Additional System Metrics From e.g., `dstat`

Hi W&B Community,

Is there a possibility to get additional live system metrics like the network read/write rates, disk read/write rates, virtual memory major/minor page faults, filesystem inodes, and system context switches?

Basically, most of the metrics that dstat provides with the following flags:

  • –disk
  • –mem (memory)
  • –net (network)
  • –sys (system)
  • –fs (filesystem)
  • –vm (virtual memory)

I’m deep into pipeline profiling and found that having these helps a lot when looking for performance tuning opportunities. Also, allowing to add to the system metric log might be helpful generally to have everything related to actual ML in one log, and everything related to system metrics in another.

I saw that the current documentation suggests that you use this script - github(.)com/nicolargo/nvidia-ml-py3/blob/master/ - to get the GPU metrics, however, I did not find the system metrics there.

The first workaround for me would be to run dstat in parallel to the process, save the profiling log,
download your system metrics and join over the _timestamp. This, however, would negate your wonderful automatic visualization.

The other solution would be to use some system monitoring library and add manually via wandb.log({'my_metric': x}) to the “ML”-log. This would show the metric in your visualization but not at the correct place and would not be easily compared to the other system metrics. I do not know how well this would work in practice as there would need to be additions to this log ideally every (few) seconds. This would be an asynchronous running thread that is not inside of the training loop. The solution proposed here seems like it could work if I use “timestamps” as the X-axis? This still does not seem like a clean solution.

What are your thoughts on this proposed feature? I’m very much a novice regarding your service so I might not know the in’s and out’s, maybe I have overlooked some trivial solution.

Hi @cirquit!

Thank you for your feature request! I’m curious about your use case here - I definitely understand how network read/writes and disk read/writes could help here, but I’m curious about how you see page faults, inodes and context switches fit into your workflow.

They sound a little too low level for a typical ML workflow and I would love to hear how you see these incorporate into your workflow. This will help us create a better feature that better fits your needs.


Hi Ramit,

Thanks for the fast response! My use case is actually part of my research for my PhD, where I was lucky enough to publish a paper about preprocessing pipeline optimizations at SIGMOD '22. You’re very welcome to read it, but I will summarize some insights throughout this answer as well.

I’m generally focused on optimizing DL training pipelines, as we have seen multiple instances of underutilized hardware, be it due to inefficient user-level code, inefficient placement of jobs, or naive assumptions about performance that might often not hold (such as preprocessing being trivially parallelizable for example).

To directly answer your question, page faults and inodes were helpful to me to double-check how application-level caching was implemented in TF and to be maximally sure where data is read from, as debugging remote storage performance is not always deterministic.

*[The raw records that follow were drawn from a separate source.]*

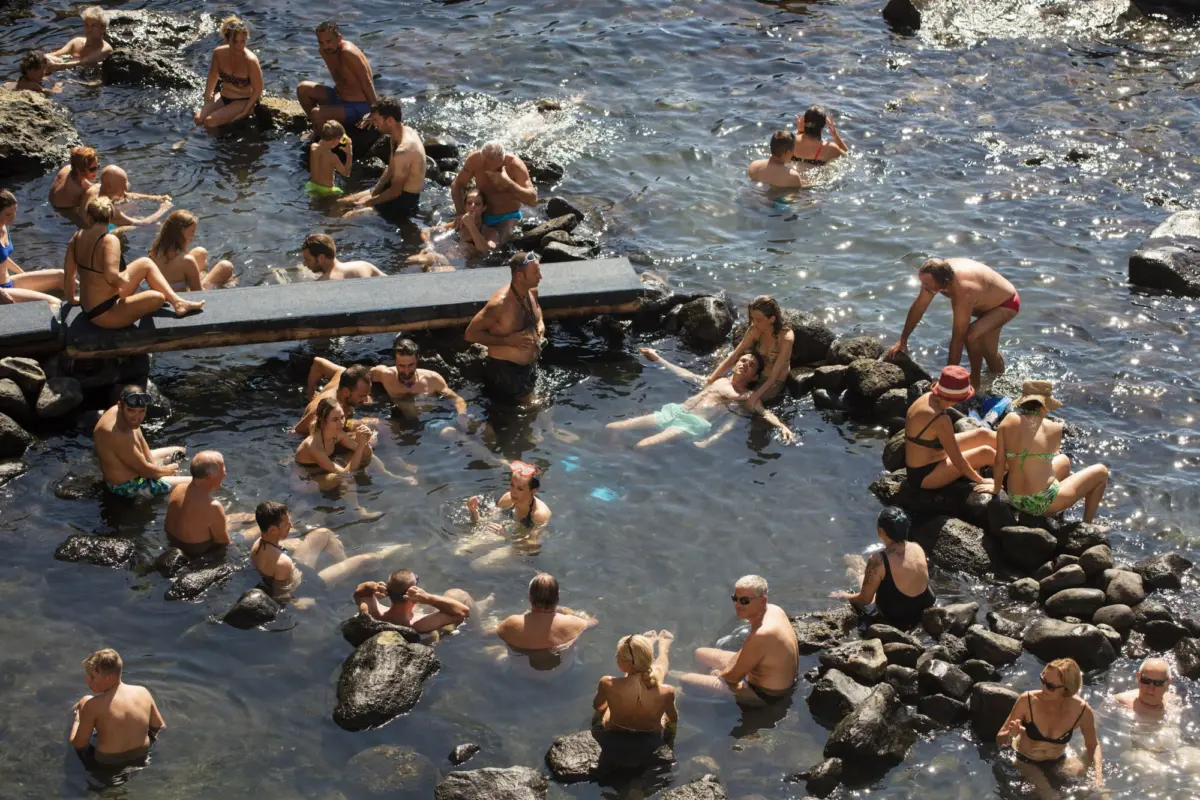 Crowded rocky coastline with many adults swimming, lounging on rocks and a wooden platform in sunlit blue water.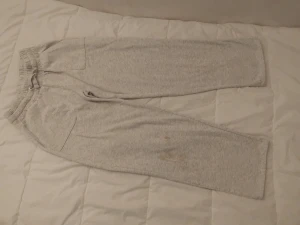 Grå mjukisbyxor med snörning - Säljer ett par ljusgrå mjukisbyxor med elastisk midja och snörning. Byxorna har sidofickor och är tillverkade i mjukt bomullsmaterial. Perfekta för chill hemma eller träning. Klassisk loose passform och enkel design.har en liten fläck som man set nät man kommer nära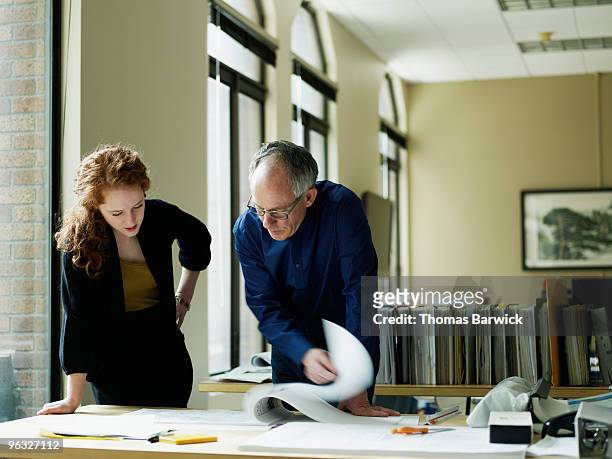 businesswoman and businessman examining plans - leanintogether stock pictures, royalty-free photos & images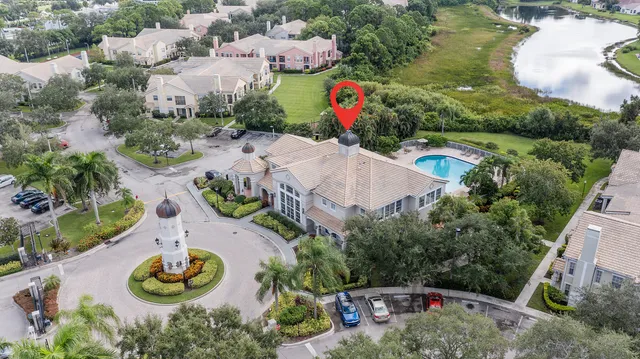 an aerial view of a house with swimming pool and lake view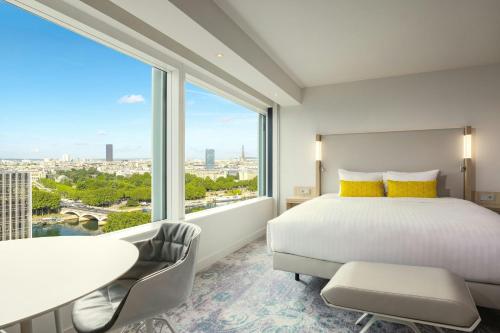 a bedroom with a bed and a desk and a large window at Courtyard by Marriott Paris Gare de Lyon in Paris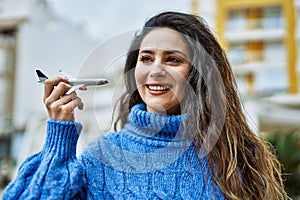 Young hispanic woman smiling happy plane toy at the city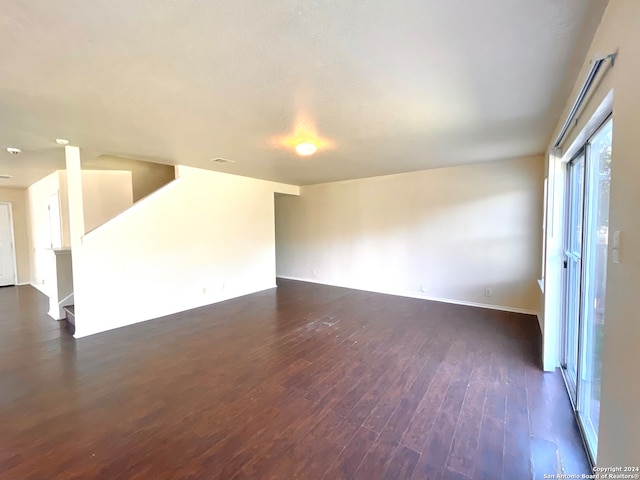 empty room with dark wood-type flooring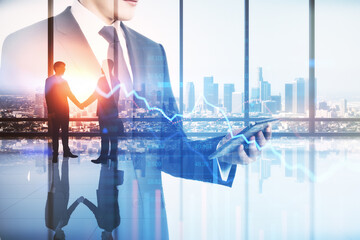 Creative image of businesspeople working together and using mobile device with falling downword forex chart on blurry office interior background with city view. 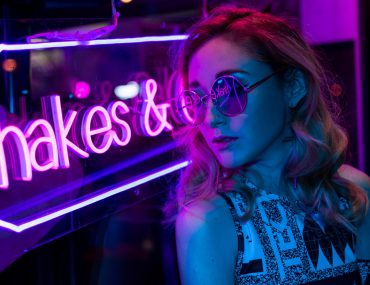 Cinematic night portrait of girl and neon lights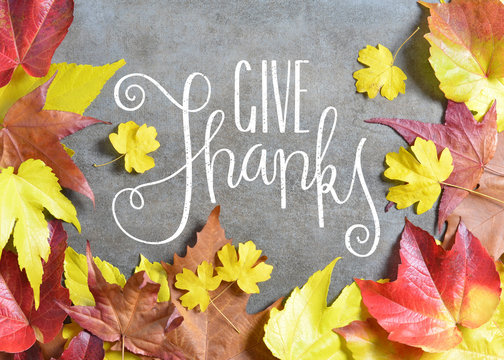GIVE THANKS hand lettered card with autumn leaves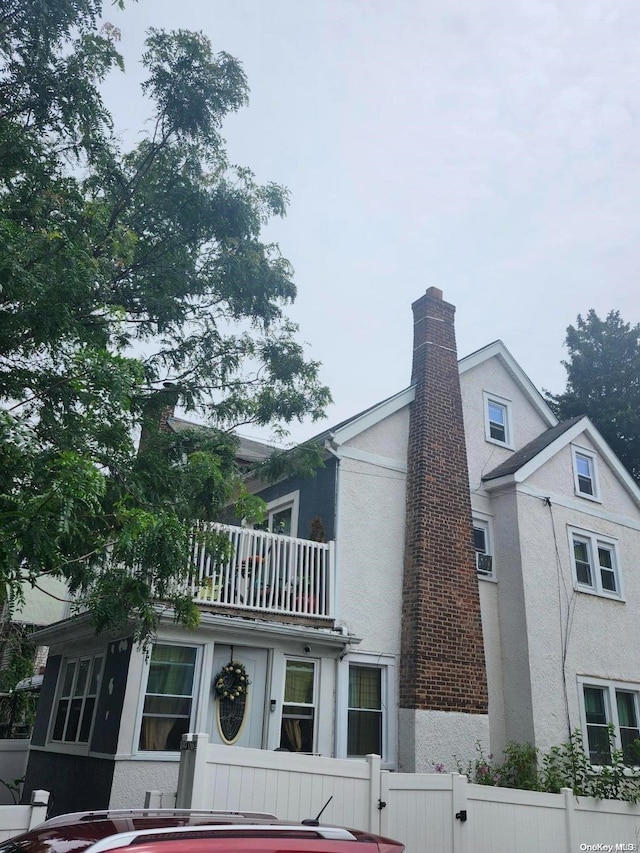 view of side of home with a balcony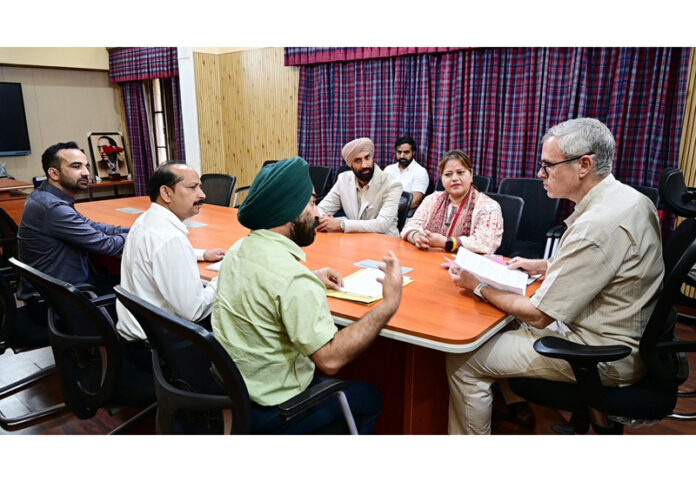 CM Omar Abdullah meeting a delegation at Jammu on Friday.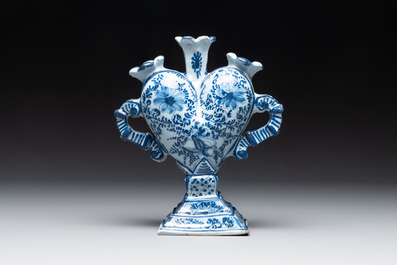A pair of blue and white German Delftware heart-shaped tulip vases, 18th C.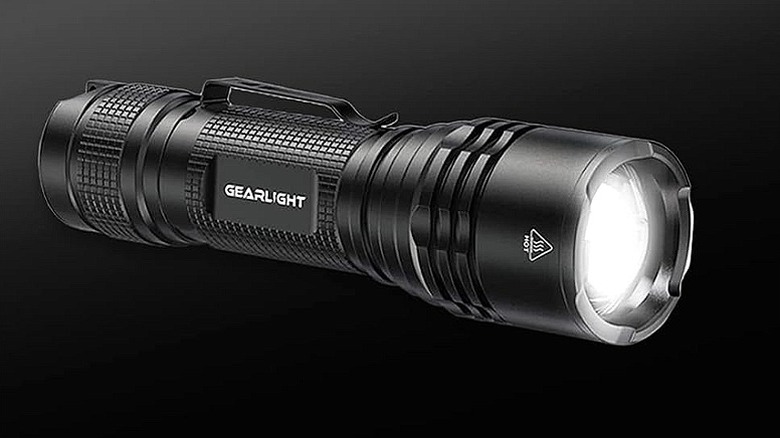 A black LED GearLight flashlight against a black background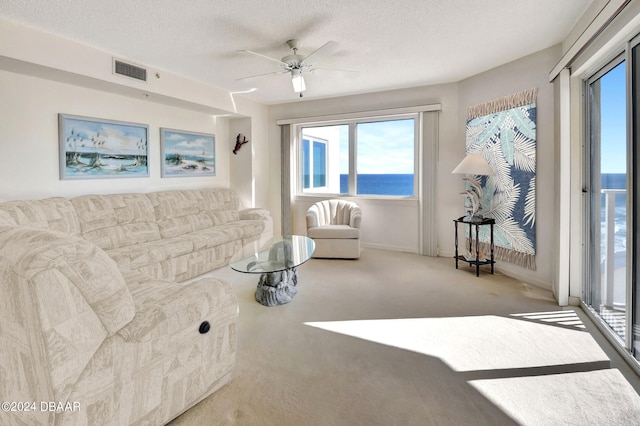 carpeted living room featuring a water view, a textured ceiling, and ceiling fan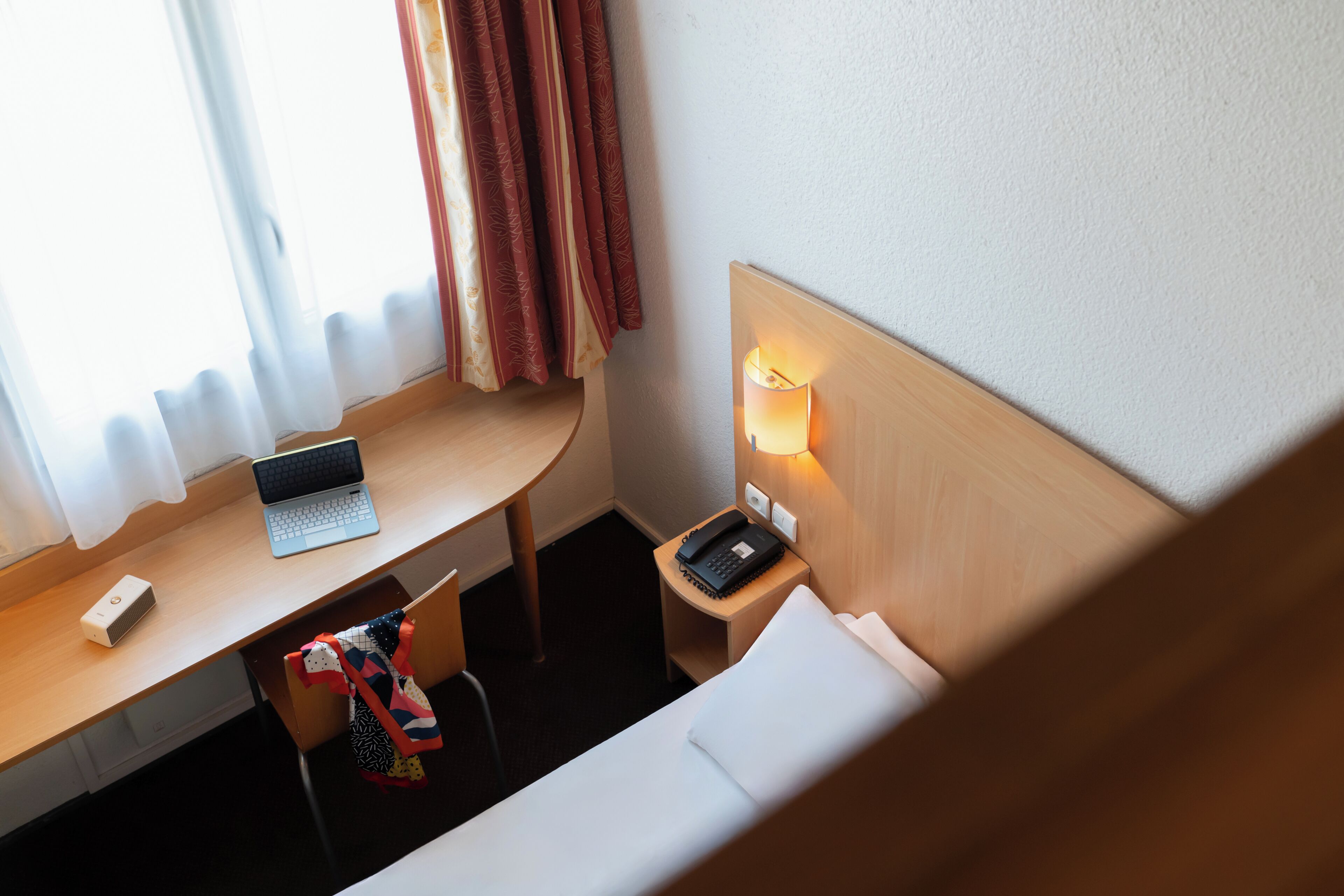 A hotel room with a desk, laptop, phone, and a bedside lamp.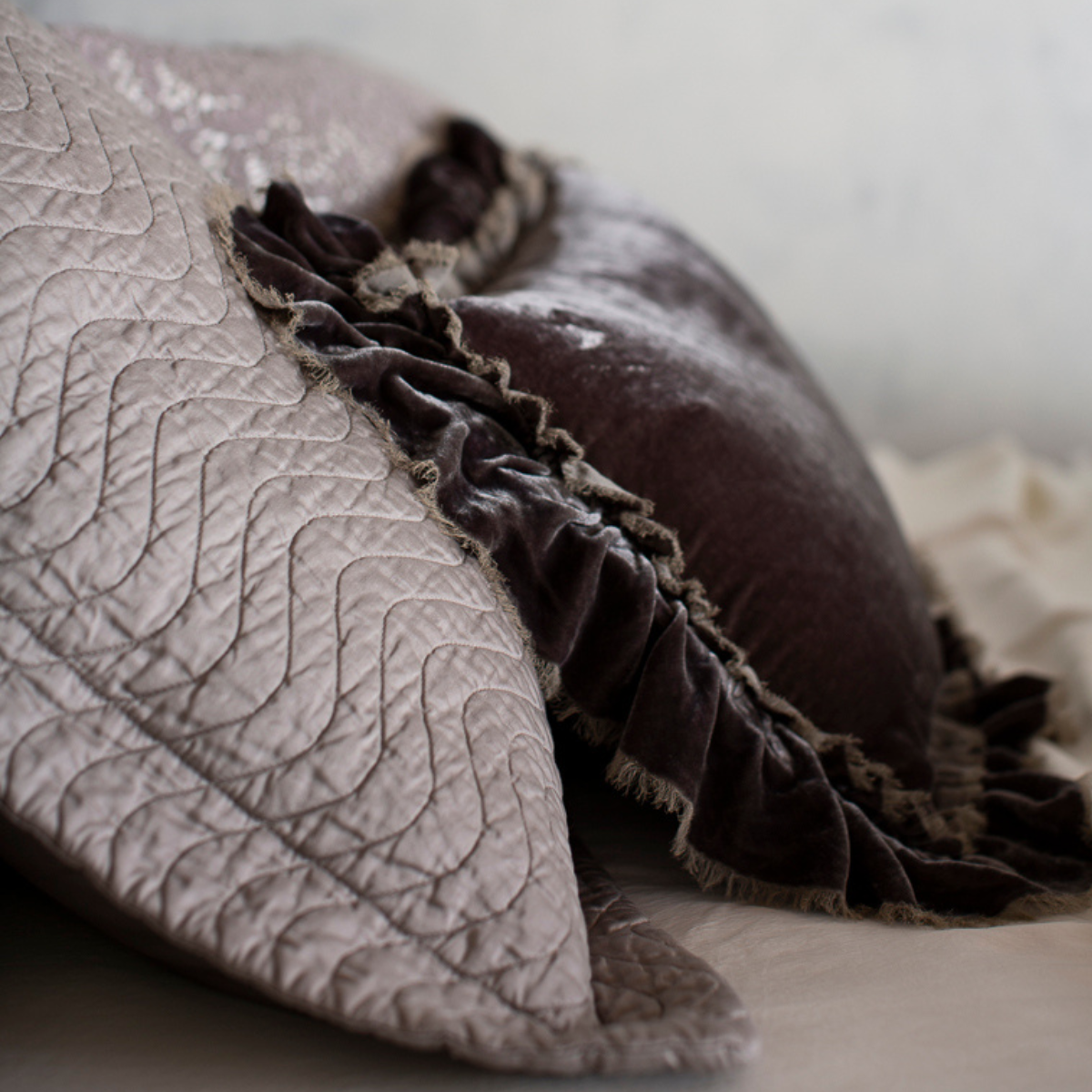 [allvariants]: close up of the side view of a quilted cotton sateen sham with silk velvet throw pillow with raw edges propped up against the pillow sham - both in grey tones. 
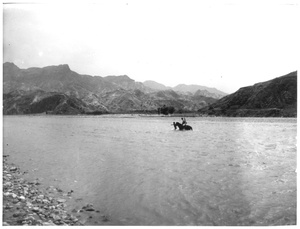 A man on horseback and another man fording the Sha River at Fuping, 1938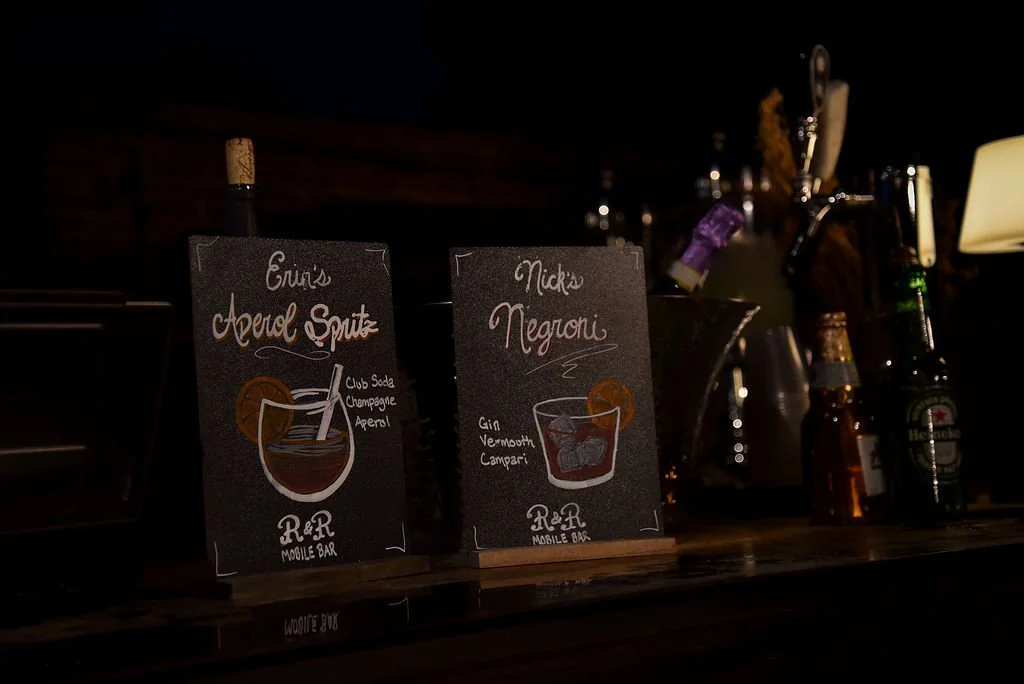 Small chalkboard signs show drawings of an aperol spritz and a negroni and their ingredients. The signs sit on the counter of an outdoor bar next to bottles of beer and wine.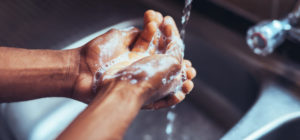 Henkilö pesemässä käsiä hanan alla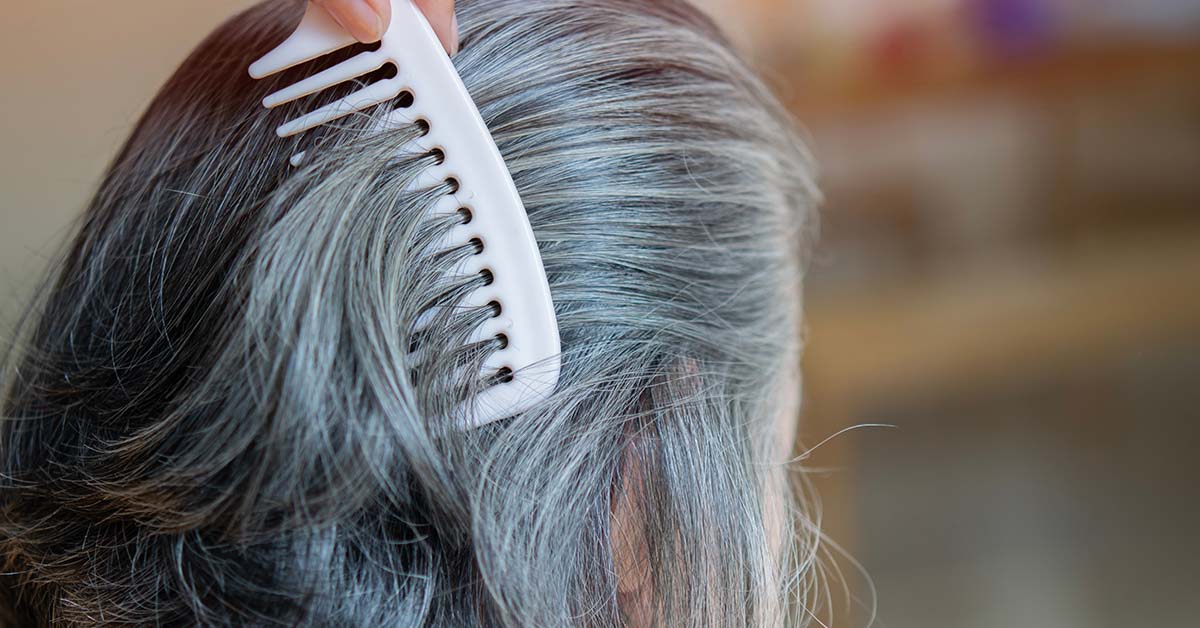 combing gray hair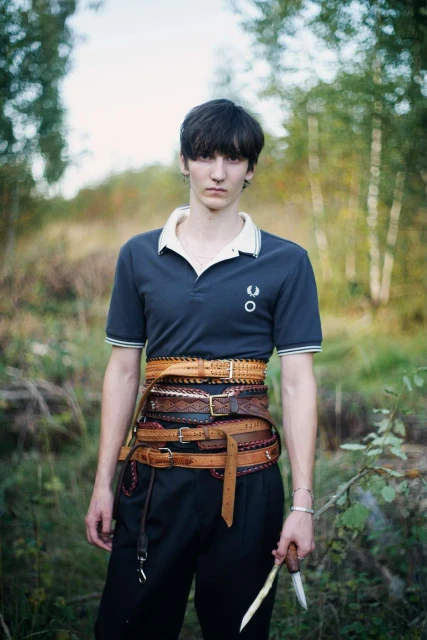 A person wearing a polo shirt and multiple belts stands in a wooded area holding a knife, looking directly at the camera in a medium shot.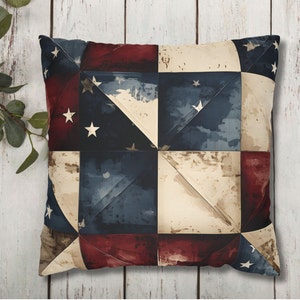 May include: Square throw pillow with a patchwork design in patriotic colors. The pillow features a pattern of red, white, and blue squares with white stars, evoking a vintage American flag aesthetic. The pillow is placed on a white wooden surface.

It is basically just a helpful tool to be sure of the current status of the pipeline.

Tracking context switches was the only way to get a glimpse as to why tiny sample sizes (<0.01MB) were deserialized very slowly with the TFRecord format, and why the speedup going from 1 to 8 threads was missing entirely.

The main reason why I think it might be helpful to include these system metrics is for debugging and performance tuning reasons. My first impression of W&B was a one-stop solution for tracking experiments and iterating on their performance, be it an ML model accuracy or the training time. Due to the nature of many people renting accelerators to run ML experiments, I think it might be very nice to have a way to efficiently allocate them by knowing how well specific system resources are used, or what the current bottleneck is. (e.g., renting a better CPU node vs. one with a bigger memory if a deserialization bottleneck removes the effects of caching).

The potential of adding these metrics would allow for a better comparison between heterogeneous hardware or even different DL software stacks, e.g., webdataset+Torch, datasets+Torch, DALI+TF, and their mixes. Right now it is not very easy to estimate if, for example, decoding JPEGs on the GPU is actually favorable for actual training throughput and accuracy as you reduce the GPU memory.

With additional system metrics, this becomes an easier task, especially if you can hand off these logs from the ML “training-person” to the ML “systems-optimizer-we-should-spend-less-money-on-resources-person” :slight_smile: Automatically analyzing these logs also seems to be like quite a good business opportunity :innocent:

But I would also be very glad if you would add at least the disk/network read/writes for the time being.
Creating a system to add specific system metrics to your profiling runs is not an easy task to do, especially if somebody like me comes around and might demand even more esoteric things like TCP or UDP stats.

I figure this might slightly change your platform’s focus not only for ML practitioners, but also target ML-SysOps people, but I very much hope that you are interested in that as well!

And sorry for this wall of text!


Hi Alex,

Thank you for that very detailed and insightful response regarding your request! I definitely see why this could be useful for optimizing features now, I had never considered how the rate of context switches could have a performance impact on the performance of an ML pipeline.

I’ll definitely go ahead and make a feature request for this, and I’ll keep you updated on the status of this request.


Thank you a lot, Ramit!

Maybe a short follow-up from my side - I decided to implement the system metric tracking manually with wandb.log() for now, as the essential condition for my profiling is to use the system metrics in a sweep and optimize for different optimization (system-level) targets. The default frequency by which it is recorded right now is unfortunately not high enough to allow quick experiments that run < 1min (e.g., an epoch on CIFAR, which encompasses data loading, data preprocessing, inference and backpropagation)

One easy example would be having batch_size and network_down_mb_s and being able to compare the increase of the network bandwidth with the batch size.

While my high-frequency needs might be too specific, having the system metrics available to pick in the hyperparameter parallel coordinates chart would be awesome in the long run.

1 Like